### Collected material
* * * * * * *
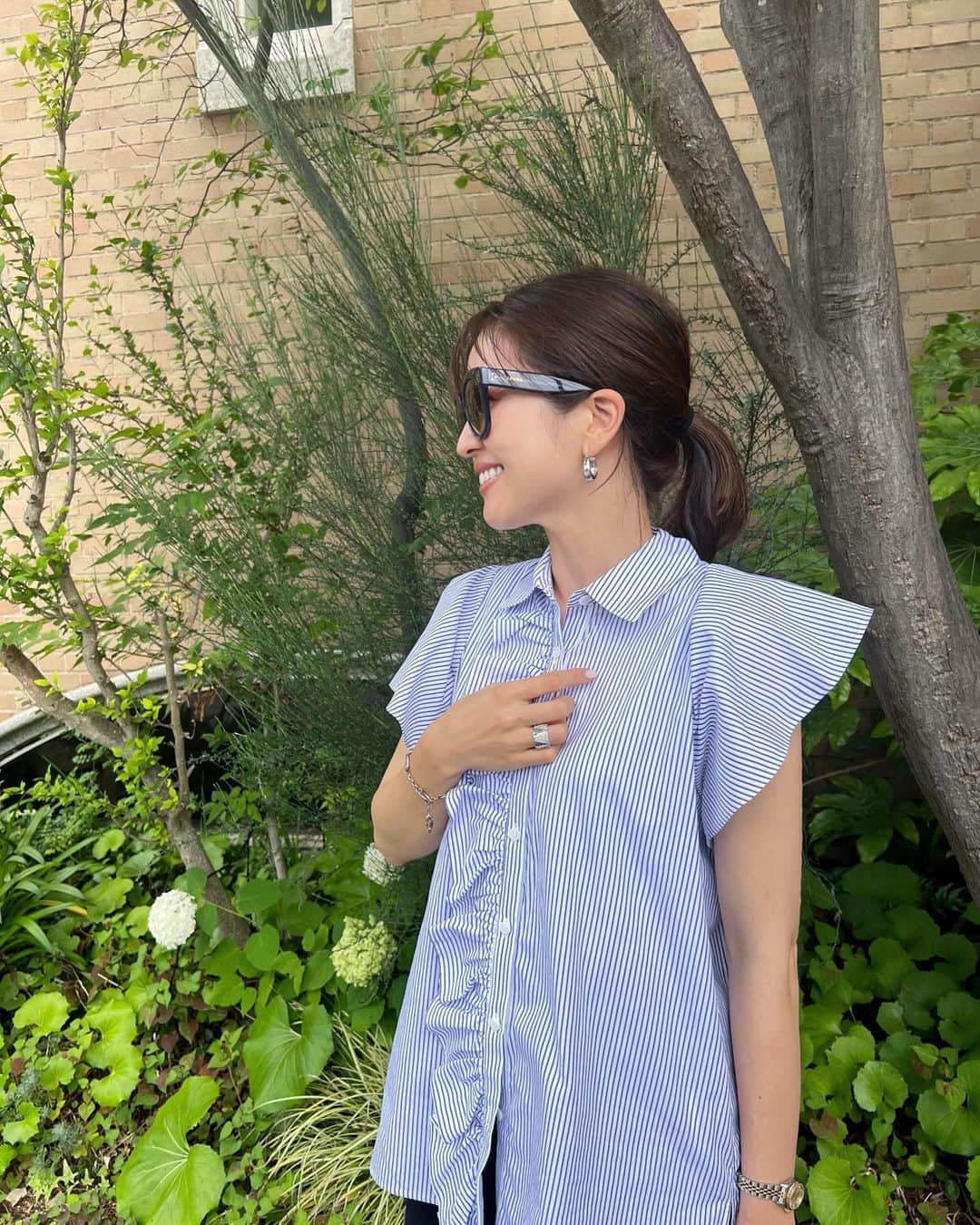 林香里さんのインスタグラム写真 - (林香里Instagram)「・ ・ 届いたばかりの @bow.a_official の Half Sleeve Frill Blouse☺︎  立体感のあるギャザーフリルのディテールが華やか♡ 適度なワイド感のおかげで、ほどよい抜け感も あって、とにかく涼しげで好きな感じ🩵🤍🩵🤍  #coordinate#wardrobe#outfit #fashion #bowa#mama」7月1日 15時50分 - kaori_hayashi1203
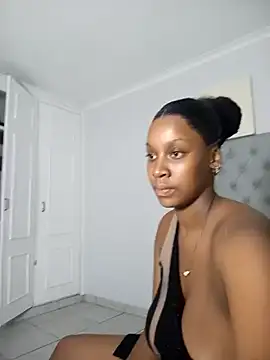 Candy Love 18 online show from February 12, 2025, 5:48 pm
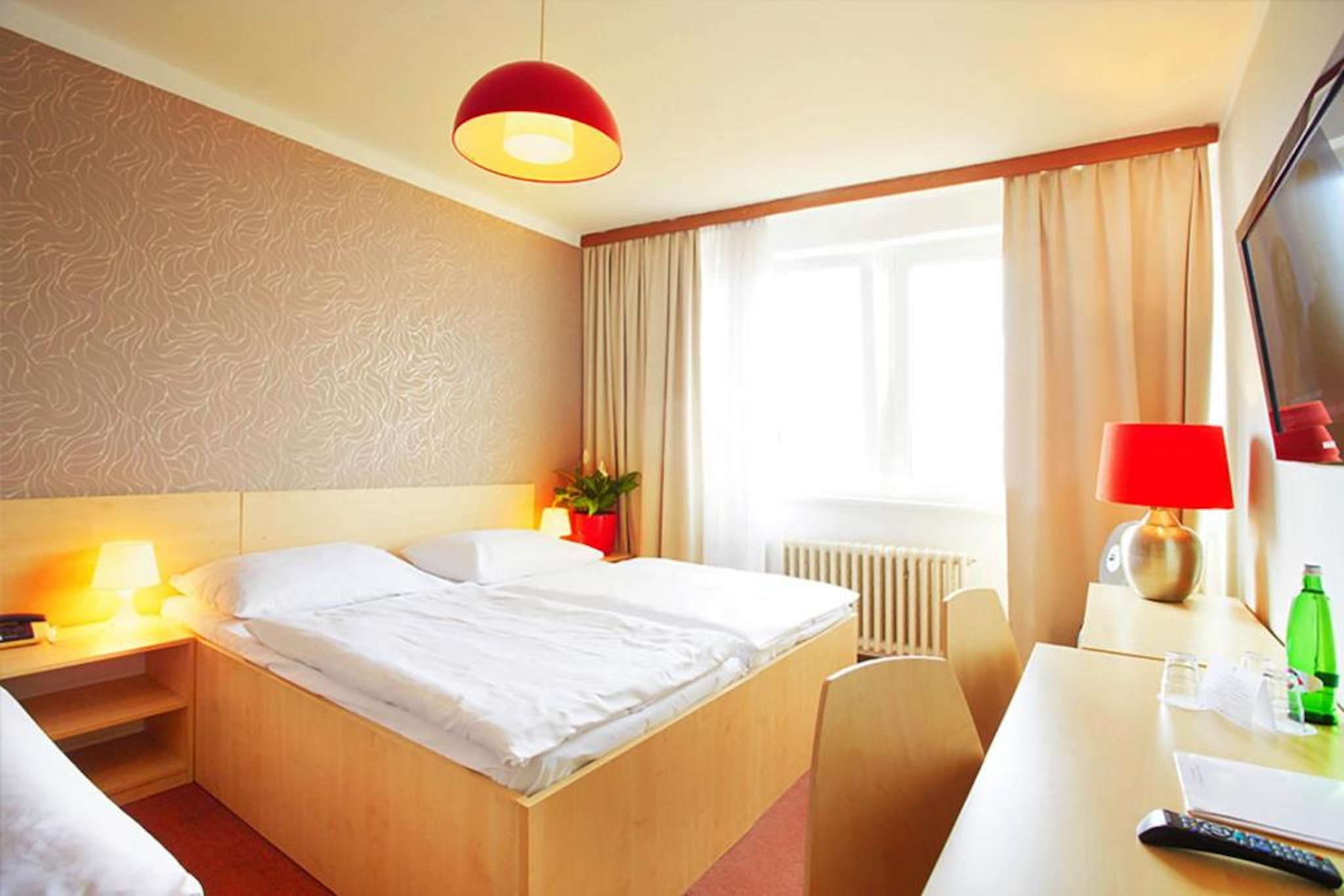 Double or Twin Economy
* * * * * * *
Please restate all of the listing above word for word, with no pictures.

 林香里さんのインスタグラム写真 - (林香里Instagram)「・ ・ 届いたばかりの @bow.a_official の Half Sleeve Frill Blouse☺︎  立体感のあるギャザーフリルのディテールが華やか♡ 適度なワイド感のおかげで、ほどよい抜け感も あって、とにかく涼しげで好きな感じ🩵🤍🩵🤍  #coordinate#wardrobe#outfit #fashion #bowa#mama」7月1日 15時50分 - kaori_hayashi1203
 Candy Love 18 online show from February 12, 2025, 5:48 pm
 Double or Twin Economy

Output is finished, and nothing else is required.